• _Task objective_
In the data below, find the line with "Teenage Girl Hammers" and output it along with every later line, exactly, but not the pictures.

• _Provided records_
((
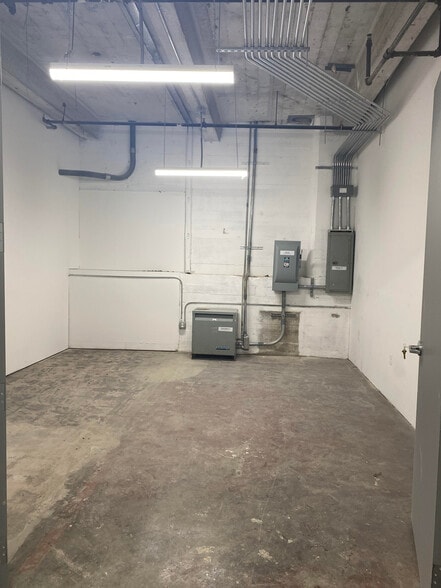 More Photos Of 901 E 31st St, Los Angeles Manufacturing For Lease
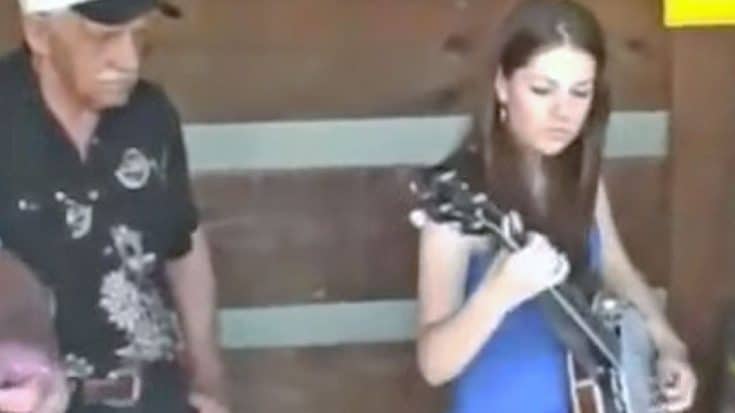 Teenage Girl Hammers Out Bluegrass On Her Banjo | Country Music Videos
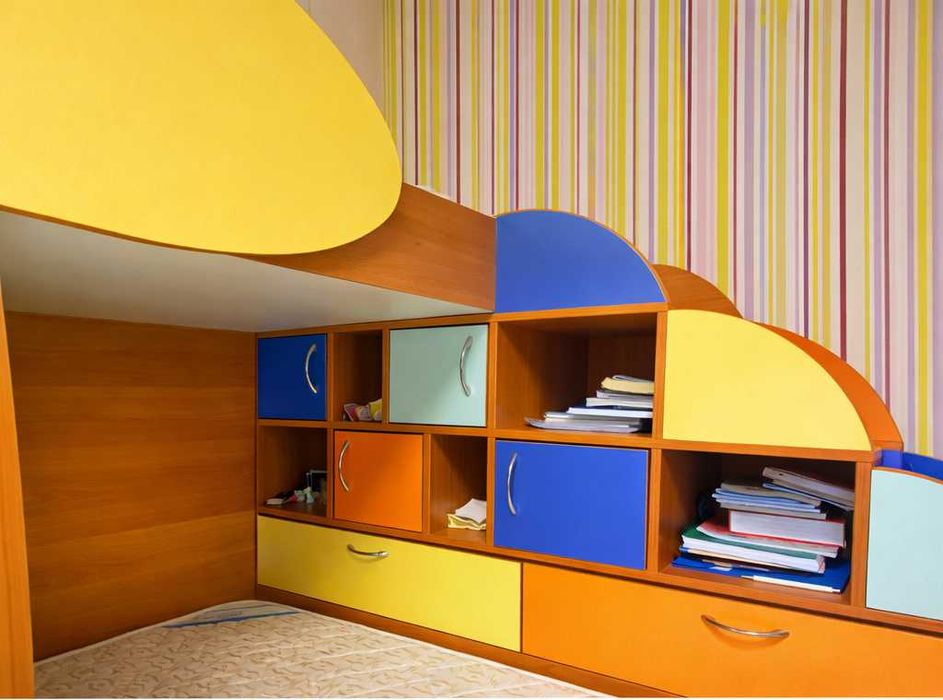 Уникален детски комплект: 3 легла и 2 бюра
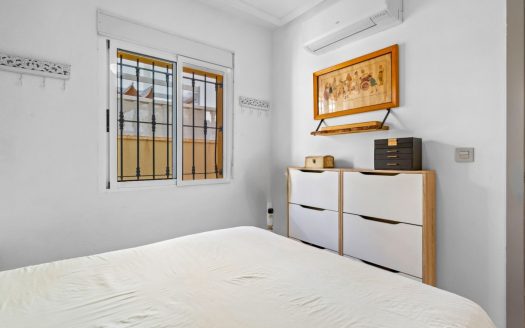 Villa – Guardamar del Segura – Ref:81690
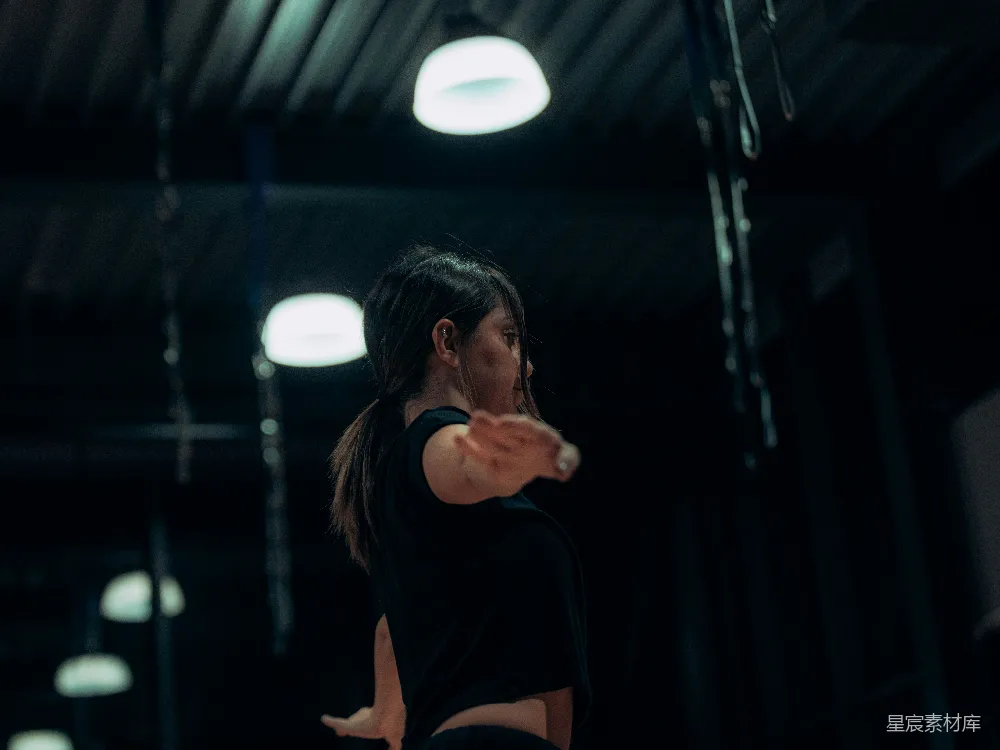 高清摄影 一个女人在昏暗的 studio 中跳舞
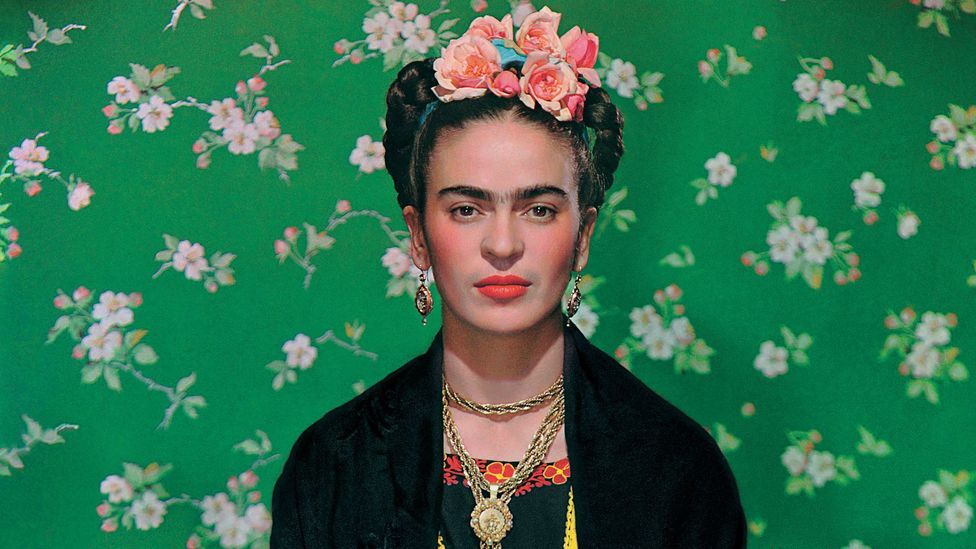 Frida Kahlo by Nickolas Muray (Brooklyn Museum)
))
• _Answer space_
 Teenage Girl Hammers Out Bluegrass On Her Banjo | Country Music Videos
 Уникален детски комплект: 3 легла и 2 бюра
 Villa – Guardamar del Segura – Ref:81690
 高清摄影 一个女人在昏暗的 studio 中跳舞
 Frida Kahlo by Nickolas Muray (Brooklyn Museum)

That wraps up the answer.